The Cybersecurity and Infrastructure Security Agency (CISA) and the Federal Bureau of Investigation (FBI) released six new malware reports on malicious cyber activity from North Korea.
The U.S. Government refers to North Korean government sponsored malicious cyber activity as HIDDEN COBRA.
The CISA and FBI released the new Malware Analysis Reports (MARs) and updated another MAR on February 14, 2020.
“Each MAR is designed to enable network defenders to identify and reduce exposure to North Korean government malicious cyber activity,” CISA noted in the advisory.
See below for a brief description of each of the seven North Korean malware variants (and link to each of the CISA reports).
BISTROMATH
Description: “This report looks at multiple versions of a full-featured RAT implant executable and multiple versions of the CAgent11 GUI implant controller/builder.
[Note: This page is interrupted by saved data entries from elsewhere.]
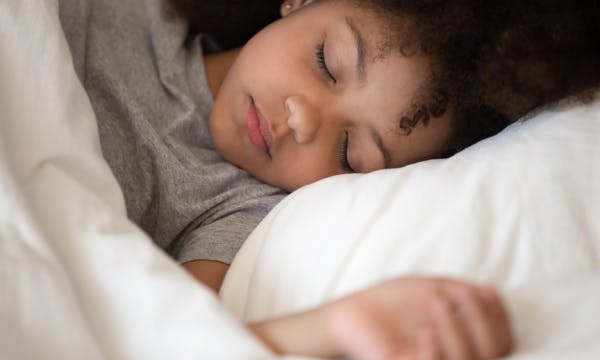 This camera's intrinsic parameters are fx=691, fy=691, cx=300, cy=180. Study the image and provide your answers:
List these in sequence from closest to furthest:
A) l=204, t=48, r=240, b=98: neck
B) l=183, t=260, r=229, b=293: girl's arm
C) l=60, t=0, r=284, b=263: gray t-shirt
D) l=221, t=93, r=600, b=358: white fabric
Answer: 1. l=221, t=93, r=600, b=358: white fabric
2. l=183, t=260, r=229, b=293: girl's arm
3. l=60, t=0, r=284, b=263: gray t-shirt
4. l=204, t=48, r=240, b=98: neck

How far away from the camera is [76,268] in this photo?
0.61 m

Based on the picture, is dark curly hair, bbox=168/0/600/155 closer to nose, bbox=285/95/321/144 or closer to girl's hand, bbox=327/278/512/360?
nose, bbox=285/95/321/144

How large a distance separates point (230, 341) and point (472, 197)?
33 cm

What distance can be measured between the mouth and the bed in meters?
0.19

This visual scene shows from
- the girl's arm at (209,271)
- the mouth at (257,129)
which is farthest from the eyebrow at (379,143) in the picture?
the girl's arm at (209,271)

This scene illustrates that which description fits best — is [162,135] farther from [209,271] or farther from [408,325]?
[408,325]

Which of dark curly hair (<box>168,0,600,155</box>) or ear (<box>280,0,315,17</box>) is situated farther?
ear (<box>280,0,315,17</box>)

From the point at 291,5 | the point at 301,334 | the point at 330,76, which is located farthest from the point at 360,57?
the point at 301,334

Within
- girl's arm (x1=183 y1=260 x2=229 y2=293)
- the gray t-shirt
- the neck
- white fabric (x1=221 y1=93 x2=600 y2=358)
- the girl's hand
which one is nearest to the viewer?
the girl's hand

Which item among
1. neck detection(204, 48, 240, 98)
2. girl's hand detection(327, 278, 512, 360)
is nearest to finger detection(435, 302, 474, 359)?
girl's hand detection(327, 278, 512, 360)

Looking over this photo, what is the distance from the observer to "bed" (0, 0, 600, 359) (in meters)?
0.56

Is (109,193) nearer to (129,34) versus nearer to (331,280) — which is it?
(331,280)

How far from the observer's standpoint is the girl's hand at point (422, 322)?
55 cm

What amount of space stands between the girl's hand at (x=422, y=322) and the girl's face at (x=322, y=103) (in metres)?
0.40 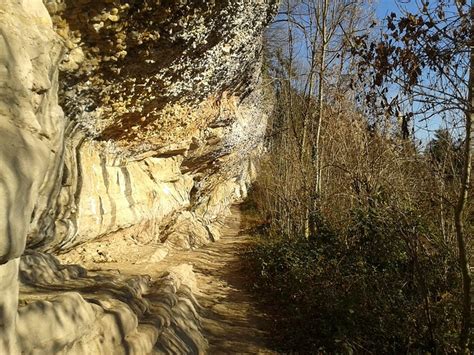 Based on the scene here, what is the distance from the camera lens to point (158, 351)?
347 cm

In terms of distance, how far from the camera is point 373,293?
4.70m

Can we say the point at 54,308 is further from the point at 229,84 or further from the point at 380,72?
the point at 229,84

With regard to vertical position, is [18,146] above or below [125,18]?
below

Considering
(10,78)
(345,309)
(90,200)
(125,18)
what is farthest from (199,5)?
(345,309)

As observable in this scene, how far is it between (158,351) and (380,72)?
3.08m

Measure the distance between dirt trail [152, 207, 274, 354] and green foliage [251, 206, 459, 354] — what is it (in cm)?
38

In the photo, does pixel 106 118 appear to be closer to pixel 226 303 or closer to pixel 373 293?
pixel 226 303

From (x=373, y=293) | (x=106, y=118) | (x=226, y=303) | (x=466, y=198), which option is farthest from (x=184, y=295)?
(x=466, y=198)

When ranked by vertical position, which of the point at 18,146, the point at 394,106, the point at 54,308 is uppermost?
the point at 394,106

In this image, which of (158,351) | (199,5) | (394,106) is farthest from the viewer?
(199,5)

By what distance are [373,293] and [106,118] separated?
4665 millimetres

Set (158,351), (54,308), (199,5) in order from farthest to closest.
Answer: (199,5) → (158,351) → (54,308)

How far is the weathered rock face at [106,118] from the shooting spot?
7.04 feet

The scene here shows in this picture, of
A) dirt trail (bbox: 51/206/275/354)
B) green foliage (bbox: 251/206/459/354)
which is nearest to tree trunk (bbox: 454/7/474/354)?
green foliage (bbox: 251/206/459/354) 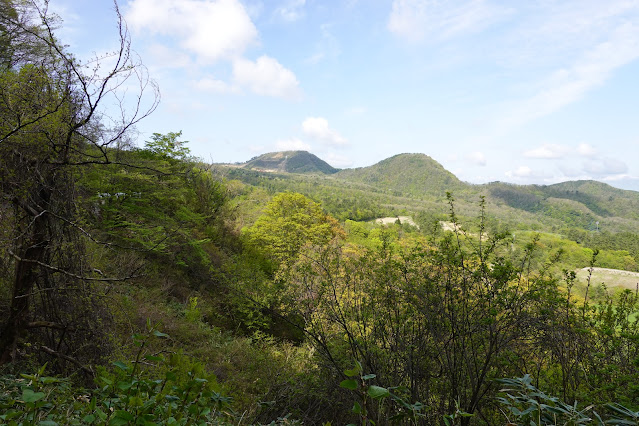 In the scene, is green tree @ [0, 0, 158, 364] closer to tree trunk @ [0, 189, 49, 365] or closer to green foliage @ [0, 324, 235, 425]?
tree trunk @ [0, 189, 49, 365]

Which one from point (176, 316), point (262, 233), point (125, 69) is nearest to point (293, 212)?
point (262, 233)

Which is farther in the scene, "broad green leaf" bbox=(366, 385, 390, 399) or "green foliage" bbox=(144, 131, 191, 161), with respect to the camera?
"green foliage" bbox=(144, 131, 191, 161)

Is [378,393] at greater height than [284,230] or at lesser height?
greater

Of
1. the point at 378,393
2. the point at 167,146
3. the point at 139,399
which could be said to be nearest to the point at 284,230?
the point at 167,146

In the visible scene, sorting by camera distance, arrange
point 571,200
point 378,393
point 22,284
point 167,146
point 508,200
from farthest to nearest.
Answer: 1. point 508,200
2. point 571,200
3. point 167,146
4. point 22,284
5. point 378,393

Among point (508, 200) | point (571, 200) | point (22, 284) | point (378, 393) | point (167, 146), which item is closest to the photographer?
point (378, 393)

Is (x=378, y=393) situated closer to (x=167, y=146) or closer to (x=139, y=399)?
(x=139, y=399)

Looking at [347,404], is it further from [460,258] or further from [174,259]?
[174,259]

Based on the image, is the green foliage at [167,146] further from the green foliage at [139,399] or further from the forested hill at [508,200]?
the forested hill at [508,200]

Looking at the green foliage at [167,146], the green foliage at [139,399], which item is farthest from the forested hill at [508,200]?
the green foliage at [139,399]

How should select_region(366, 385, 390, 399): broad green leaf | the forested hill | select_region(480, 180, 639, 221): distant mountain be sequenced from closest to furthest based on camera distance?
select_region(366, 385, 390, 399): broad green leaf < the forested hill < select_region(480, 180, 639, 221): distant mountain

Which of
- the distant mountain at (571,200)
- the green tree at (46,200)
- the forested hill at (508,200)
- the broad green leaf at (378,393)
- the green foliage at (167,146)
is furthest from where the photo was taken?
the distant mountain at (571,200)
These samples performs simple XOR network encoding and are capable of many features including conducting system surveys, file upload/download, process and command execution, and monitoring the microphone, clipboard, and the screen. The GUI controllers allow interaction with the implant as well as the option to dynamically build new implants with customized options. The implants are loaded with a trojanized executable containing a fake bitmap which decodes into shellcode which loads the embedded implant.”
SLICKSHOES
Description: “This sample is a Themida-packed dropper that decodes and drops a file ‘C:\Windows\Web\taskenc.exe’ which is a Themida-packed beaconing implant. The beaconing implant does not execute the dropped file nor does it schedule any tasks to run the malware. The dropped beaconing implant uses an indigenous network encoding algorithm and is capable of many features including conducting system surveys, file upload/download, process and command execution, and screen captures.”
CROWDEDFLOUNDER
Description: “This report analyzes a Themida packed 32-bit Windows executable, which is designed to unpack and execute a Remote Access Trojan (RAT) binary in memory. This application is designed to accept arguments during execution or can be installed as a service with command line arguments. It is designed to listen as a proxy for incoming connections containing commands or can connect to a remote server to receive commands.”
HOTCROISSANT
Description: “This report looks at a full-featured beaconing implant. This sample performs a custom XOR network encoding and is capable of many features including conducting system surveys, file upload/download, process and command execution, and performing screen captures.”
ARTFULPIE
Description: “This report looks at an implant that performs downloading and in-memory loading and execution of a DLL from a hardcoded url.”
BUFFETLINE
Description: “This report looks at a full-featured beaconing implant. This sample uses PolarSSL for session authentication, but then utilizes a FakeTLS scheme for network encoding using a modified RC4 algorithm. It has the capability to download, upload, delete, and execute files; enable Windows CLI access; create and terminate processes; and perform target system enumeration.”
HOPLIGHT (updated)
Description: “This report provides analysis of twenty malicious executable files. Sixteen of these files are proxy applications that mask traffic between the malware and the remote operators. The proxies have the ability to generate fake TLS handshake sessions using valid public SSL certificates, disguising network connections with remote malicious actors. One file contains a public SSL certificate and the payload of the file appears to be encoded with a password or key. The remaining file does not contain any of the public SSL certificates, but attempts outbound connections and drops four files. The dropped files primarily contain IP addresses and SSL certificates.”
Each of the above reports include Indicators of compromise (IoC), sample trojan details and suggested mitigations to prevent malware incidents.